With Valentine’s Day just around the corner, Lufthansa Cargo has begun flying 1,500 tonnes of roses right across Europe.
Mostly originating from Kenya and South America, the long-stemmed flowers have been delivered on time to bloom in all their glory across Europe.
The roses are harvested several times a day at the flower farms and then immediately placed in water, before being packed and taken directly to the airport to be loaded onto the freighters. Lufthansa Cargo’s Fresh/td product was developed specifically for the transportation of perishable goods, such as flowers and food.
Lufthansa Cargo connects the flower-growing countries with the Frankfurt hub several times a week, with special charter flights arranged in addition to scheduled connections to meet the high demand for Valentine’s Day.
The flowers are transported by air instead of being grown in Europe, as this generates less CO2 than the artificial irrigation and the additional heat supply required to cultivate them in Europe.
Once landing in Frankfurt Airport, the roses are almost immediately transported onwards into all of Europe.

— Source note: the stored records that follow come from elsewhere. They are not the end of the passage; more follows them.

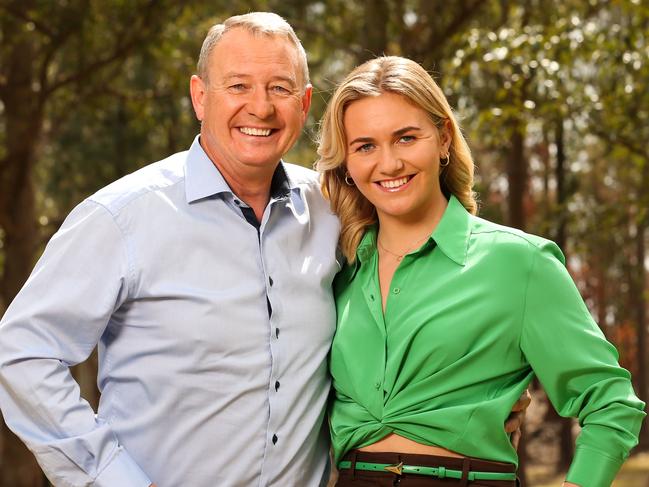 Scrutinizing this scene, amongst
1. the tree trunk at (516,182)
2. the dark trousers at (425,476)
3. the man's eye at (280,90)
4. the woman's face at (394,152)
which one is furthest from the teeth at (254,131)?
the tree trunk at (516,182)

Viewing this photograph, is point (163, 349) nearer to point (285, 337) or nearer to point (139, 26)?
point (285, 337)

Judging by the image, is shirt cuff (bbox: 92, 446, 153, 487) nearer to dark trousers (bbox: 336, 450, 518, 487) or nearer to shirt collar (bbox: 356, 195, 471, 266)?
dark trousers (bbox: 336, 450, 518, 487)

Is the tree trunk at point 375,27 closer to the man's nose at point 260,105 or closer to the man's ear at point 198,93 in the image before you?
the man's ear at point 198,93

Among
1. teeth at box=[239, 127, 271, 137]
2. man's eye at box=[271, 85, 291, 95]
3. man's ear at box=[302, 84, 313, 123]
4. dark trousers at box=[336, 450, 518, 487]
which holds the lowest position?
dark trousers at box=[336, 450, 518, 487]

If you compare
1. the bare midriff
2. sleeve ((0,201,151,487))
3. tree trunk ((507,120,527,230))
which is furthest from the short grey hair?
tree trunk ((507,120,527,230))

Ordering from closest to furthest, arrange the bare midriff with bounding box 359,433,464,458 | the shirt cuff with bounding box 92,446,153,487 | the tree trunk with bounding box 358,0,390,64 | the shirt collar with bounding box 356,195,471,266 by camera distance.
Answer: the shirt cuff with bounding box 92,446,153,487, the bare midriff with bounding box 359,433,464,458, the shirt collar with bounding box 356,195,471,266, the tree trunk with bounding box 358,0,390,64

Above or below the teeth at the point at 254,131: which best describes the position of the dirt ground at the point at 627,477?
below

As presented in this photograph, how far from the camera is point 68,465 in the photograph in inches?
119

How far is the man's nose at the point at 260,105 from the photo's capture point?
11.3ft

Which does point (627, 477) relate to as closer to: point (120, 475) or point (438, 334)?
point (438, 334)

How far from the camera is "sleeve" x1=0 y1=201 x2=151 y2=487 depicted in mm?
3018

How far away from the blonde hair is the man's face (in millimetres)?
171

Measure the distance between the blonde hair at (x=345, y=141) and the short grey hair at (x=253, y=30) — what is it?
234 mm

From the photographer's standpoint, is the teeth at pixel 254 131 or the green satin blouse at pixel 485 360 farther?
the teeth at pixel 254 131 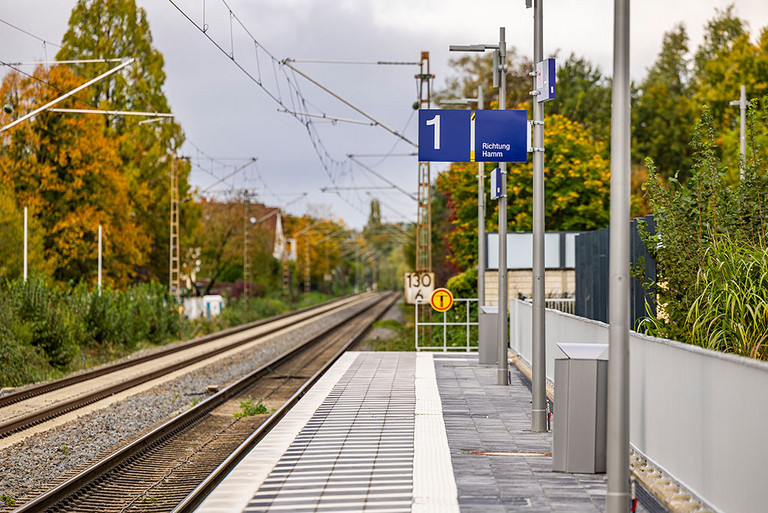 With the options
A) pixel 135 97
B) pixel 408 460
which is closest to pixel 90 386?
pixel 408 460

Stansted Airport in the UK received 200 tonnes of roses from South America on a Martinair flight last Friday: “Most people think an airport is just for holidays or business, but the arrival of thousands of roses shows that air travel plays an important role in so many aspects of everyday life,” said Graeme Ferguson, cargo director at MAG, which includes Stansted.
Stansted is a hub for leading freight carriers including Asiana, FedEx, Martinair, Cargolux, Panalpina, Qatar, Royal Mail, Silk Way, ANA Airline Management, Titan, TNT, UPS and West Atlantic.